Asked what kind of person he would choose as BOJ governor, Kishida said it will be someone “best suited for the job” when Haruhiko Kuroda’s term ends in April.
“The government and the BOJ must work closely together, but also each play its own role” in achieving price stability and higher wage growth, Kishida said in a programme on public broadcaster NHK.
“Under the new BOJ governor, we must discuss the relationship between the government and the BOJ,” said Kishida, who has authority to choose the central bank head.
The BOJ stunned markets last month by widening the band around its 10-year bond yield target to address market distortions caused by its policy, a move investors saw as a prelude to a future rate hike.
Markets are rife with speculation the BOJ could move further to phase out Kuroda’s massive stimulus by tweaking its yield control policy under a new central bank governor.
“In guiding monetary policy, policymakers must have a view on the outlook for the economy.
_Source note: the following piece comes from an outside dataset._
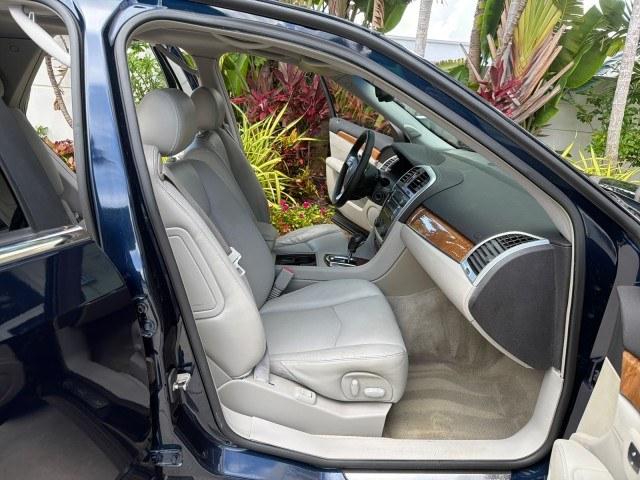 2008 Blue Chip /Cashmere/Cocoa Cadillac SRX SUNROOF LOW MILES 52,938 (1GYEE637380) with an 3.6L VVT V6 SFI Engine engine, Automatic transmission, located at 4701 North Dixie Hwy, Pompano Beach, FL, 33064, (954) 422-2889, 26.240938, -80.123474 - OUR WEBPAGE FLORIDACARS1.COM HAS OVER 100 PHOTOS AND FREE CARFAX LINK 2008 Cadillac SRX V6 4 Door Wagon/Sport Utility 3.6L V6 F Gasoline 24 MPG Rear Wheel Drive Features ABS Brakes Air Conditioning Alloy Wheels AM/FM Stereo Automatic Transmission Auxiliary Audio Input BOSE Sound System CD Audio Crui- Photo#14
There needs to be careful communication and dialogue with markets,” Kishida said, when asked whether the BOJ needs to tweak it ultra-loose policy.
Surging raw-material import costs have pushed inflation well above the BOJ’s 2% target in recent months, achieving what Kuroda’s decade-long stimulus efforts had failed to accomplish.
Kuroda has dismissed the chance of a near-term interest rate hike on the view the BOJ must keep supporting the economy until the current cost-push inflation turns into a demand-driven one accompanied by higher wages.
But his remarks have failed to tame market expectations of a near-term tweak to the BOJ’s ultra-loose policy, which is blamed by critics for crushing bank margins, distorting bond market pricing and fuelling a yen plunge that pushed up import costs.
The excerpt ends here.